2. A ré é, por sua vez, uma sociedade anónima que tem por objeto a compra e venda de prédios e revenda dos adquiridos para esse fim.

3. A totalidade das ações da ré é detida pela sociedade (…), Lda., anteriormente denominada “(…) – Atividades Imobiliárias, Unipessoal, Lda.”

4. Em 19 de abril de 2013, e conforme resulta da p. 4, rubrica 0501-A “Identificação da Identidade”, do Relatório e Contas de Exercício da sociedade “Monte da … (Propriedades), SA” reportado ao exercício de 2013, a … (então …) adquiriu a totalidade do capital social desta referida sociedade, ora ré.

5. O capital social da (…) é detido, na sua totalidade, por (…).

6. E o mesmo (…) é o Presidente do Conselho de administração da ré.

7. Para aquisição da ré, a (…) apresentou uma proposta vinculativa donde resultava a intenção de liquidar a dívida ao Banco Comercial Português e uma certificação de fundos, delas dando conhecimento ao legal representante da autora.

8. A ré foi proprietária de 136 frações autónomas, que na sua totalidade compõem um prédio urbano a que está imposto o regime da propriedade horizontal situado na Av. (…), Quinta do (…), denominado “Lote HO 5”, inscrito na matriz sob o artigo (…) e descrito na Conservatória do Registo Predial de Loulé sob o nº (…) da freguesia de Almancil.
9. As supramencionadas frações encontram-se discriminadas no título constitutivo do empreendimento turístico sob a epígrafe “Descrição Geral do Empreendimento” da seguinte forma: as frações com os números 1 a 132 constituem unidades de alojamento autónomas afetas à exploração turística do empreendimento turístico; a fração 133 e 134 destinam-se a serviços e correspondem a restaurante, bar e snack-bar; a fração 135 destina-se a sala de jogos; e, a fração 136 destina-se a salão multiusos.

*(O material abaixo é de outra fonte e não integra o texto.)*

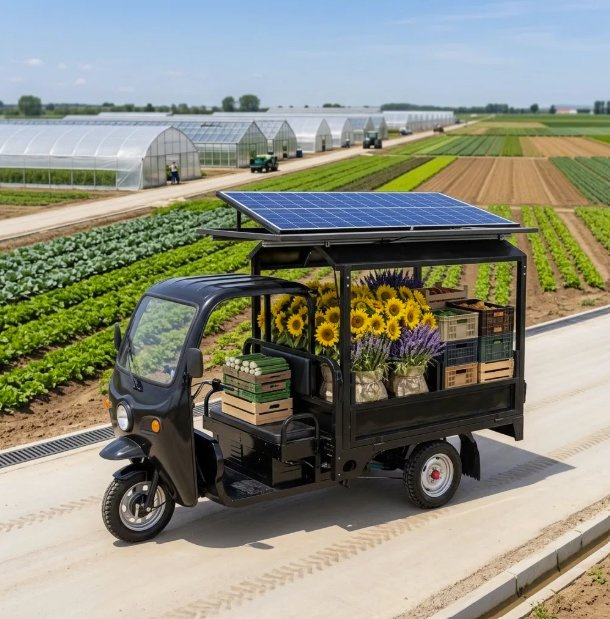 Triciclo Electrico De Pasaje Baja Electric and Solar Powered Cargo Tuk Tricycle Bike with Solar Panel for Adults Passenger Seat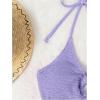 imageMakeMeChic Womens 3 Piece Bathing Suits Halter Ring Bikini Set with Cover Up SkirtsLilac Purple 2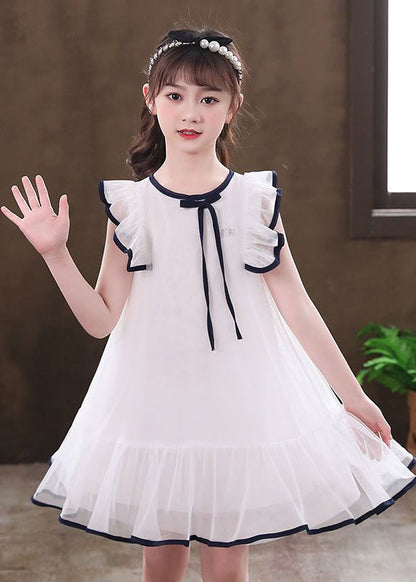 Belle robe d'été blanche en tulle à manches bouffantes pour bébé fille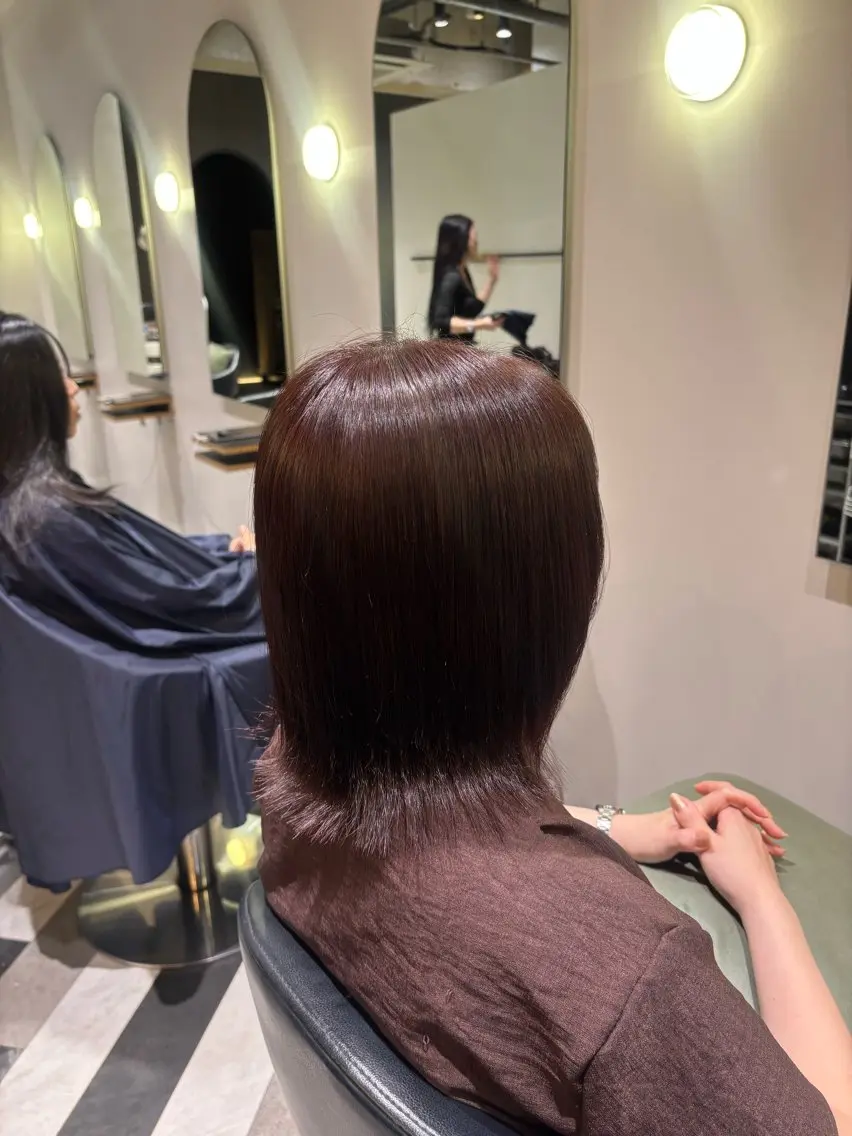 ミディアム カラー カット ヘアカラー トリートメント 沢井涼人✂︎ 割引有のヘアスタイル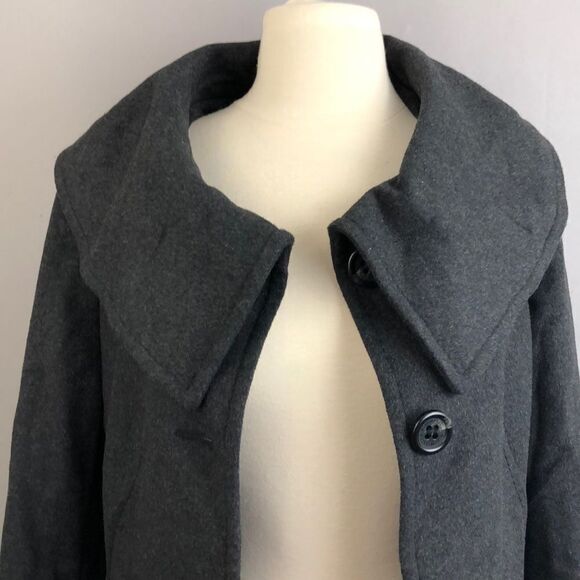 COPY - BCBG Grey Wool Coat - Picture 3 of 8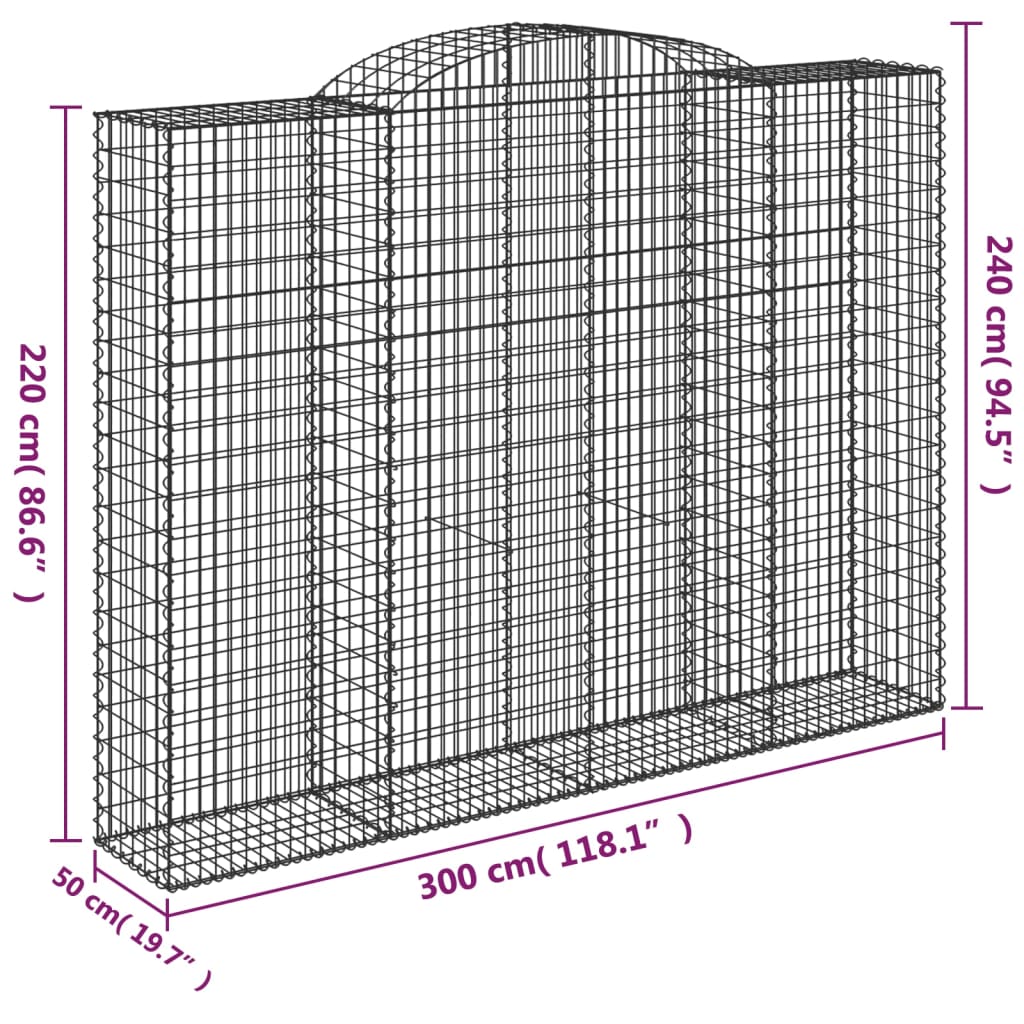 Cesti Gabbioni ad Arco 10 pz 300x50x220/240 cm Ferro Zincato - homemem39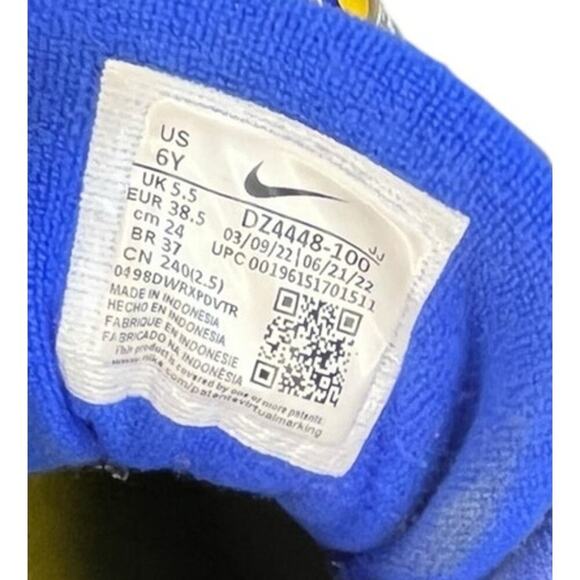 Nike Air Max Speed Turf 'Rams' GS Sneakers Size 6Y White Gold Blue - Picture 6 of 6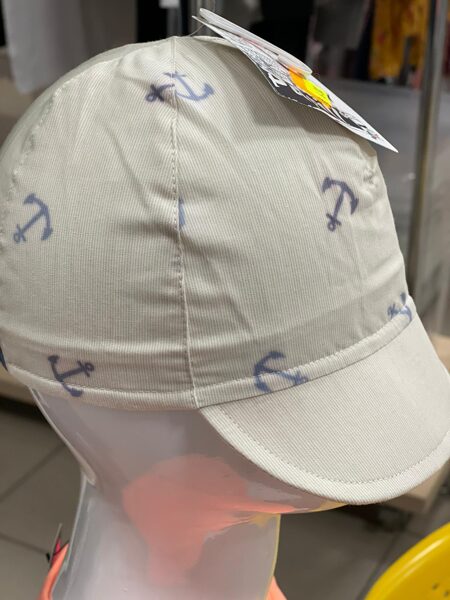 Vasaras cepure zēniem/izmērs 44-46/Bēša ar enkuriem/ar nagu, aizmugurē gumija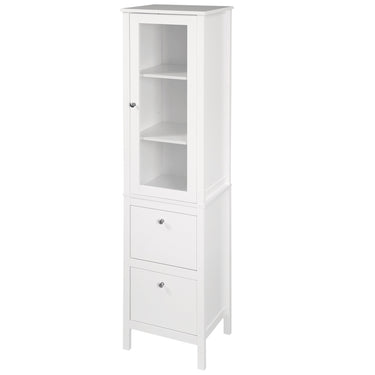 kleankin Tall Bathroom Cabinet with Tempered Glass Door, Storage Organizer, Freestanding Linen Tower with 2 Adjustable Shelves and 2 Drawers, White
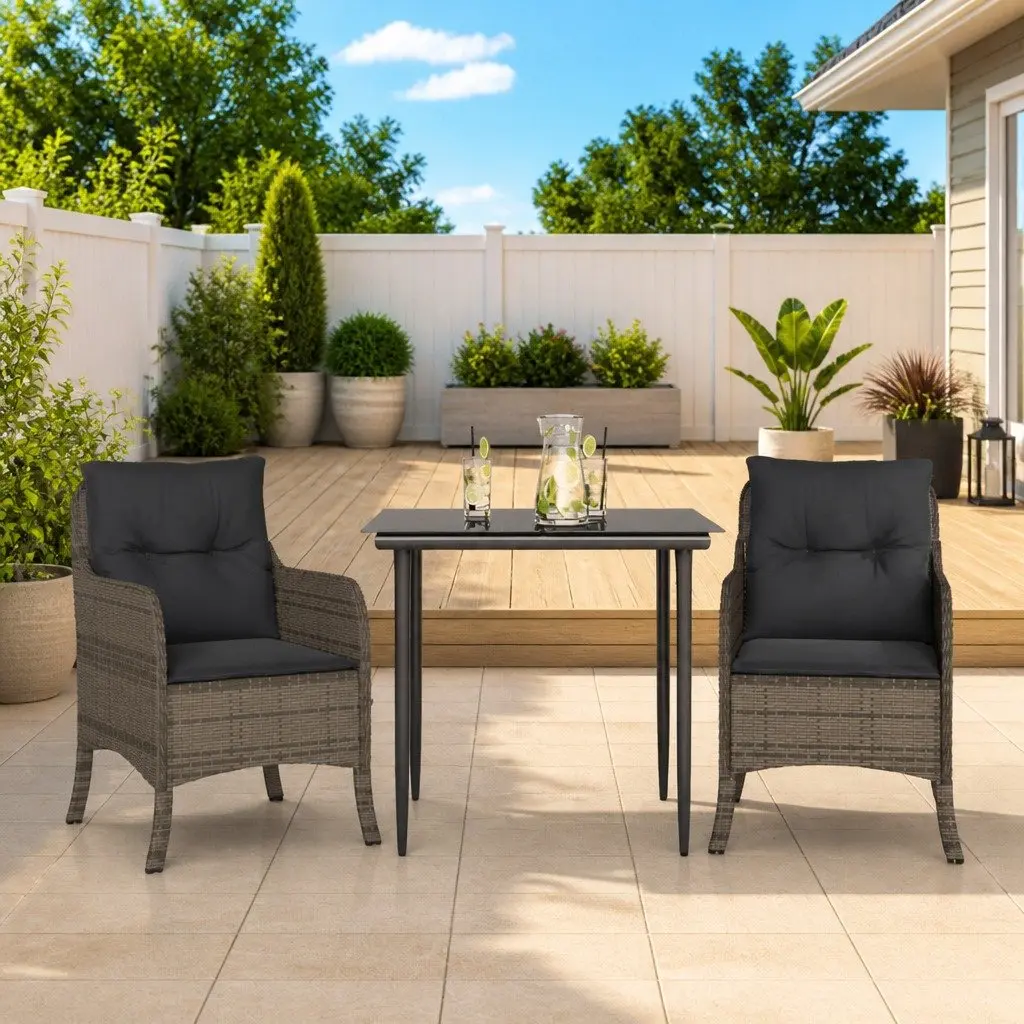 Garden Dining Set Grey 3 Piece Outdoor Furniture with Cushions PE Rattan
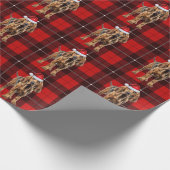 Bloedhond Vakantie Red Plaid Kerstmis Cadeaupapier (Hoek)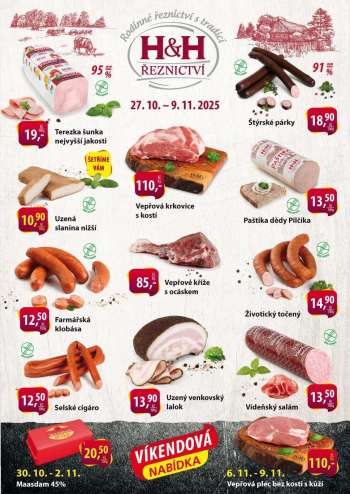 Leták Řeznictví H&H - 27.10.2025 - 9.11.2025.
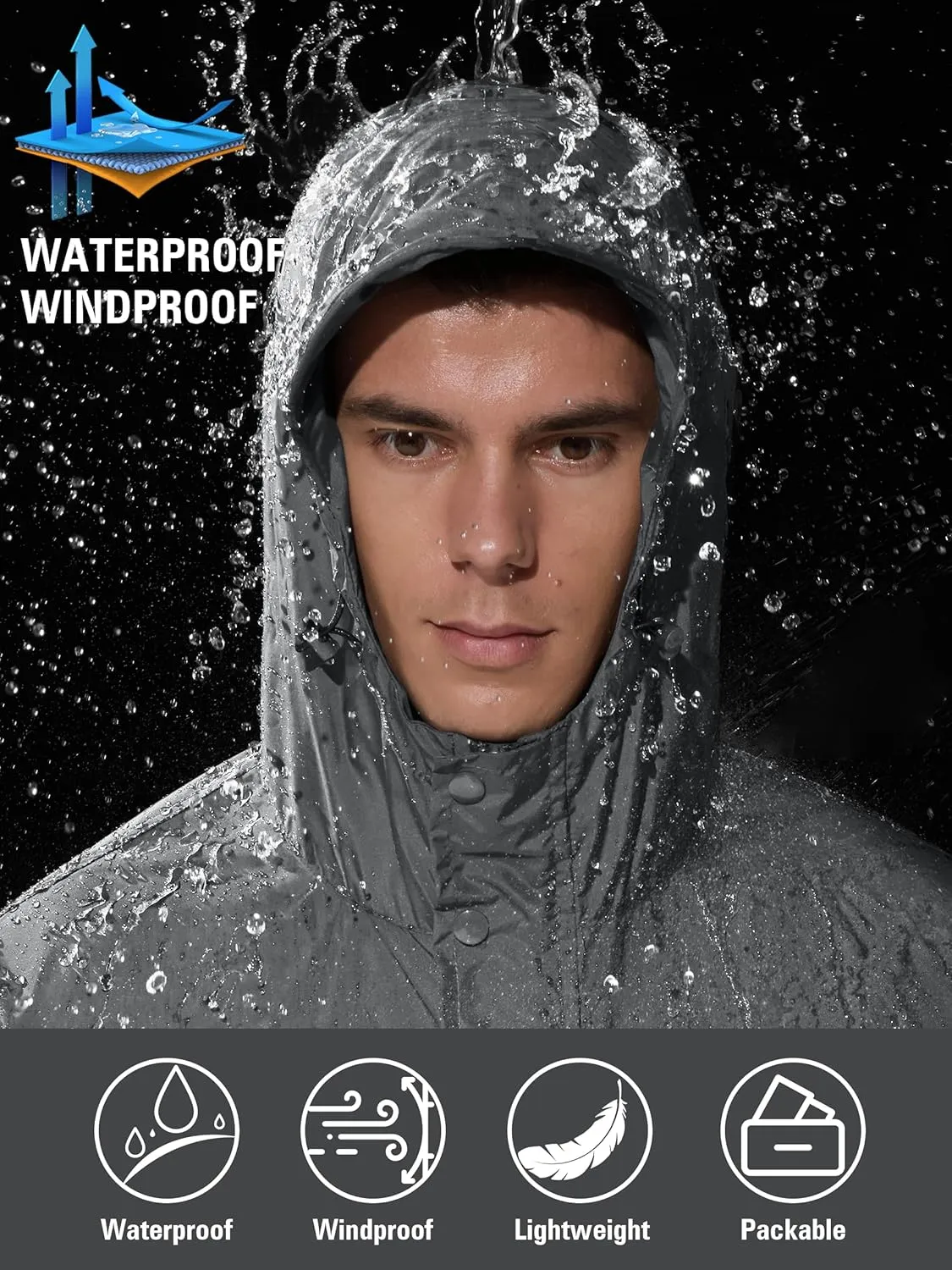 Mens Lightweight Rain Jacket Waterproof Windbreaker Packable Rain Coat with Hood for Golf Running Hiking Travel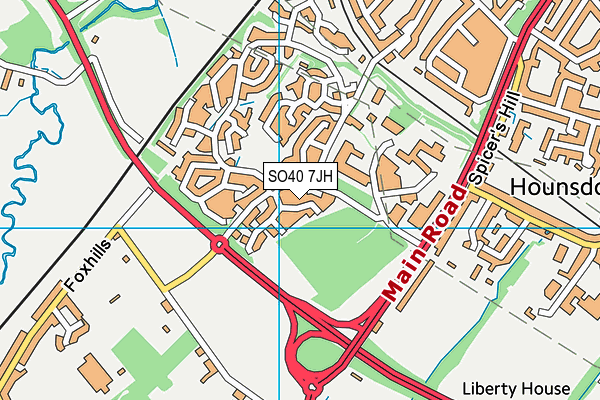 SO40 7JH map - OS VectorMap District (Ordnance Survey)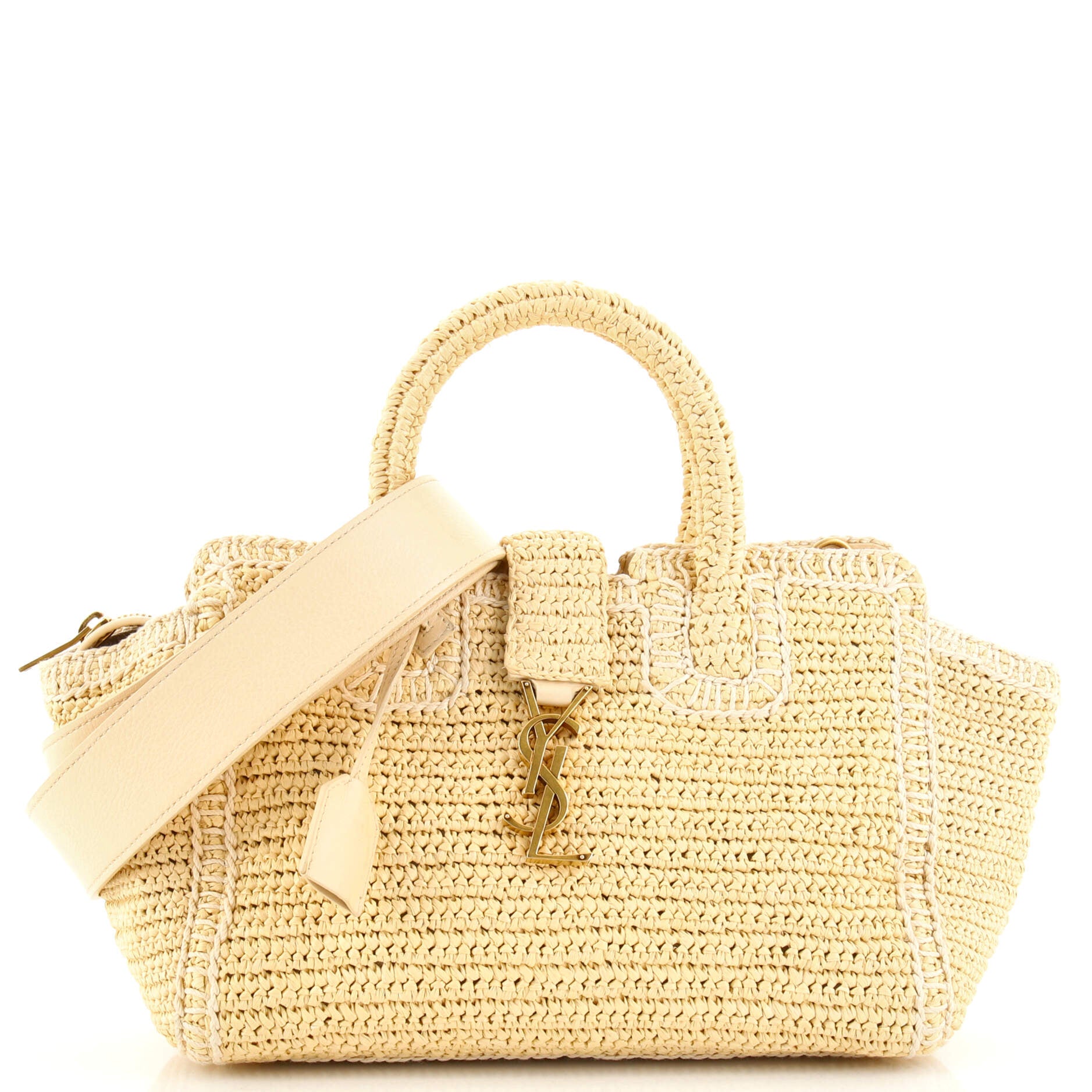 Saint Laurent Monogram Cabas Downtown Straw Baby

10. A intenção que presidiu à constituição do dito prédio no Regime da Propriedade Horizontal foi a de prosseguir a venda autónoma de algumas dessas frações a diferentes proprietários.

11. Das 136 frações Imobiliárias, 132 são Unidades de Alojamento Turístico, do tipo apartamentos, das quais 80 são de tipologia T1; 48 apartamentos, do tipo T2 e 4 apartamentos de tipologia T3.

12. Foram estas frações que receberam o Alvará de Utilização para fins turísticos como unidades de alojamento.

13. As quatro frações restantes não se destinavam (nunca se destinaram) à venda autónoma a diferentes proprietários, pois constituem a base da oferta de serviços como Empreendimento Turístico Hoteleiro, como decorre da análise do respetivo Título Constitutivo.

14. Em 29 de abril de 2014, autora e ré assinaram um acordo escrito referente à gestão do Hotel instalado no edifício referido no artigo antecedente que designaram por Hotel Managment Agreement – Monte da … Resort, através do qual a autora teria a responsabilidade e dever de supervisionar, gerir e exercer a gestão do hotel da autora, mediante remuneração, pelo período de 10 anos.

15. Da cláusula 6.3.1 do acordo referido, inserida no ponto 6.3., cuja epígrafe consta “Remuneração Financeira Para (…)” pode ler-se:
“1. Venda de apartamentos e villas. (…) pode oportunamente decidir vender algumas ou todas as 132 suites do Hotel, e/ou algumas ou todas as villas de que é proprietária à data do presente contrato. Adicionalmente, (…) pode decidir comprar outras villas ou condomínios que serão incluídas no inventário e gerias como acima referido. No caso de assim proceder, a (…) entregará à (…) 10% da receita bruta da venda, mas pagáveis apenas quando a receita líquida da venda seja recebida por (…), depois de saldados todos os custos, dívidas e juros ao Banco Português. Quando permitido pelo Banco Português credor de (…), 5% dos 10% serão pagos à (…) com recibo referente às receitas brutas da venda e antes das receitas líquidas.
2 - (…)”

16. A autora quando celebrou com a ré o referido acordo tinha conhecimento, na pessoa do seu administrador, (…), da existência da dívida da ré ao Banco Millennium BCP.

17. À data da negociação e celebração do acordo referido supra, as partes andavam também a procurar compradores para as Unidades de Alojamento Turístico, nomeadamente, ao abrigo do Programa de “vistos Gold”.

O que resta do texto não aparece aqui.